[53917] in North American Network Operators' Group
Re: MSRFCs versus RFCs?
daemon@ATHENA.MIT.EDU (Jim Hickstein)
Mon Dec 2 23:09:35 2002
Date: Mon, 02 Dec 2002 20:09:07 -0800
From: Jim Hickstein <jxh@jxh.com>
To: joej@Rocknyou.com
Cc: nanog@merit.edu
In-Reply-To: <200211280653.gAS6r6702619@Rocknyou.com>
Errors-To: owner-nanog-outgoing@merit.edu
RFC-2505 (BCP-30) talks about which return codes to use, among other
things. Not a direct hit, perhaps. RFC-1891 (DSNs) may also have
something.
You want an RFC-lawyer. Given another hour or so, I could probably come up
with the necessary citation, either in the RFCs themselves or in other
suitably authoritative-sounding sources. But my pro-bono time has run out
for today. :-)
Or you could just ask Eric.
> ahead) If I send an email to JoeSmo@domain.com and spoof the
> Mail From as Victim@innocentdomain.com to an Exchange Server
> setup in this manor, the Exchange server will bounce an email
> to the Victim@innoccentdomain.com.
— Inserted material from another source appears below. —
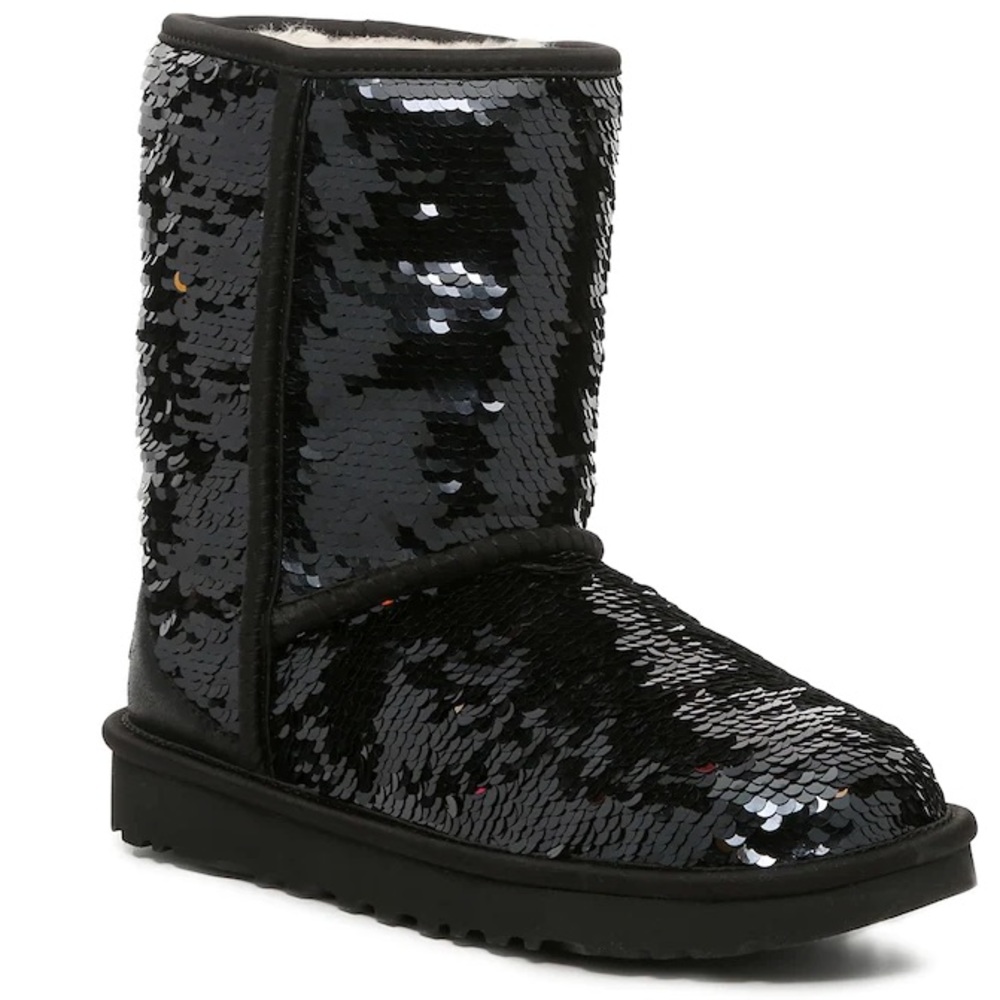 UGG Black Boots Classic Short Sequin Women’s Size 10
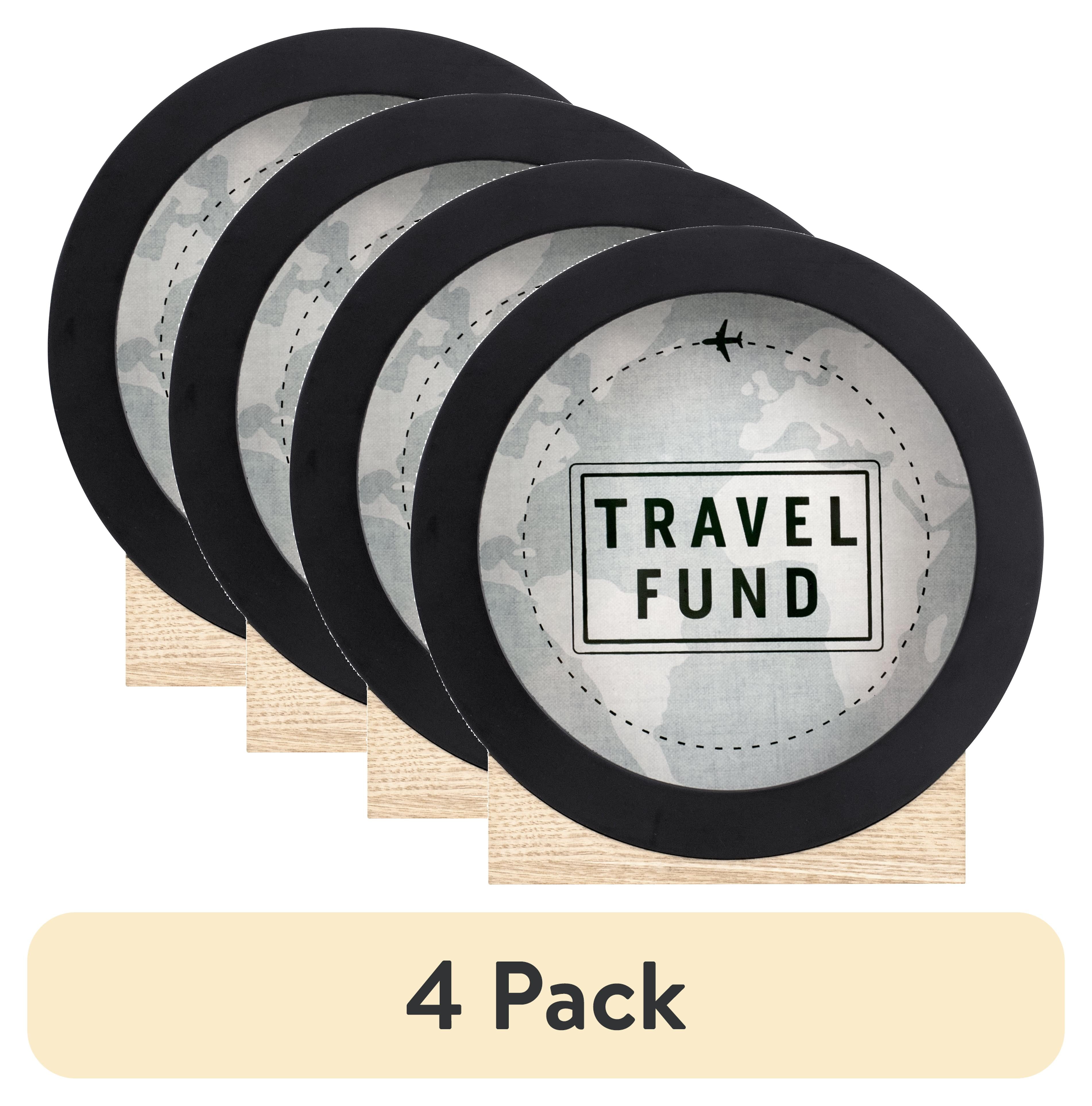 (4 pack) Mainstays 8.25" Travel Fund Bank, Black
While this is all fine and
> dandy, if a person(s) decides to use this as a mailbomb method
> and exploit this, its rather simple to do. So, in short I am
> aguing that
> 1> Mail destine for a domain not handled should be 550 Denied.
> 2> None Delivery Reports should only be sent for Domains Handled.
> 3> That a Firewall should not be doing Domain checking for SMTP
>
> What I am at a loss for is RFCs that explicitly state this, that
> is NDR for other domains, and accepting for other domains.